Cette découverte des Mundurukus, Pierre Pica la racontera plus tard à Emilie Rousset. Cet épisode figure dans le spectacle tout comme leur rencontre par Skype autour des œuvres de Pierre Morellet exposées alors au MAC VAL. Emilie Rousset préparait Les Spécialistes, une pièce donnée dans des musées où chaque comédien proférait au micro la parole d’un spécialiste, le spectateur écoutant au casque la voix du même spécialiste. Le décalage entre les deux devait faire le charme de la chose (je n’ai pas vu ce spectacle).

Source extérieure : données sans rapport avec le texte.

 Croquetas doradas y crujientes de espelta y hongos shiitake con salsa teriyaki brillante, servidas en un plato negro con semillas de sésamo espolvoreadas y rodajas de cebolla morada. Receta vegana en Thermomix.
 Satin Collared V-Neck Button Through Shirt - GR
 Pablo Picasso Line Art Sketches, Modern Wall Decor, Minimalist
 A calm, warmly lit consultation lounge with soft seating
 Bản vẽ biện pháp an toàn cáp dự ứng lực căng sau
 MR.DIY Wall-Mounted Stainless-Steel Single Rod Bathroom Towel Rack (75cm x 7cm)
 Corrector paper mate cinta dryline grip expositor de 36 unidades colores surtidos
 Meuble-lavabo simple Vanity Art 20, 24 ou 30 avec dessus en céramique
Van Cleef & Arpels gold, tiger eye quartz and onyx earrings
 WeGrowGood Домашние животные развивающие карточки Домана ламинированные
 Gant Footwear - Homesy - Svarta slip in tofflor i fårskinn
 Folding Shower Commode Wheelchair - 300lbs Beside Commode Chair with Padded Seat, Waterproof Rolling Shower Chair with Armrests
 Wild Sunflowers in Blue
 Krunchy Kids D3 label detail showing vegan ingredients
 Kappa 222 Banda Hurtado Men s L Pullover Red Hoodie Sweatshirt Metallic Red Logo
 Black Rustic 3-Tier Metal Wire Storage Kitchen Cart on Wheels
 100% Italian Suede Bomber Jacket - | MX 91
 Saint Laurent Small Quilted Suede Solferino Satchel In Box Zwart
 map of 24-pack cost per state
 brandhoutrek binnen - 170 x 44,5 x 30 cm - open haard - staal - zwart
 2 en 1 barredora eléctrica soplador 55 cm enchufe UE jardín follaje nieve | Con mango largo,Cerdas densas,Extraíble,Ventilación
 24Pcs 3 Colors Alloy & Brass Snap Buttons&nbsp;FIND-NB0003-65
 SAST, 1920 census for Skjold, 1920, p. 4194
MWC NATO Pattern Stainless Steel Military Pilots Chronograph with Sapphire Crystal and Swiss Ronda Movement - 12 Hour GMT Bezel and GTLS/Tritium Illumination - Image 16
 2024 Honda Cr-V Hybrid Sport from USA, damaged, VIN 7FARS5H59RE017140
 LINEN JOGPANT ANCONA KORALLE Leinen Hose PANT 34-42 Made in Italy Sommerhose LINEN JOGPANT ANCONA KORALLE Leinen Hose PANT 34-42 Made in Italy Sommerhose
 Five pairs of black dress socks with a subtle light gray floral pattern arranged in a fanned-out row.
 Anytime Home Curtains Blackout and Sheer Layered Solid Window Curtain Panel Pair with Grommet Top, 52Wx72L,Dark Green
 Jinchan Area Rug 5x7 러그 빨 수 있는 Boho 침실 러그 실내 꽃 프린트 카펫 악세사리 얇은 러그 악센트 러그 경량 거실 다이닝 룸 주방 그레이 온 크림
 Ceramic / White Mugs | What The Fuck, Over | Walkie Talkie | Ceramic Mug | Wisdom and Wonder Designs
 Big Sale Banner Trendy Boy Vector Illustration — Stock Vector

Cet amour du décalage, on le retrouve de plusieurs façons dans Rencontre avec Pierre Mica. Le Skype de leur conversation quand elle est en France et lui en Amazonie disparaît visuellement mais restent les rates de la communication. Et apparaît, autre décalage, une inversion des rôles : l’actrice Emmanuelle Lafon dans le rôle de Pierre Pica, l’acteur Manuel Vallade dans celui d’Emilie Rousset. Décalages qui s’associent à un espace incertain où les frontières entre le devant de la scène et les coulisses sont approximatives. Pierre Mica utilisera plusieurs fois le mot approximatif en parlant des Mundurukus. Positivement. Enfin, dernier décalage : l’actrice et l’acteur n’ont pas appris leur texte. Il leur arrive par une oreillette, ce qui modifie leur façon de le restituer oralement et physiquement.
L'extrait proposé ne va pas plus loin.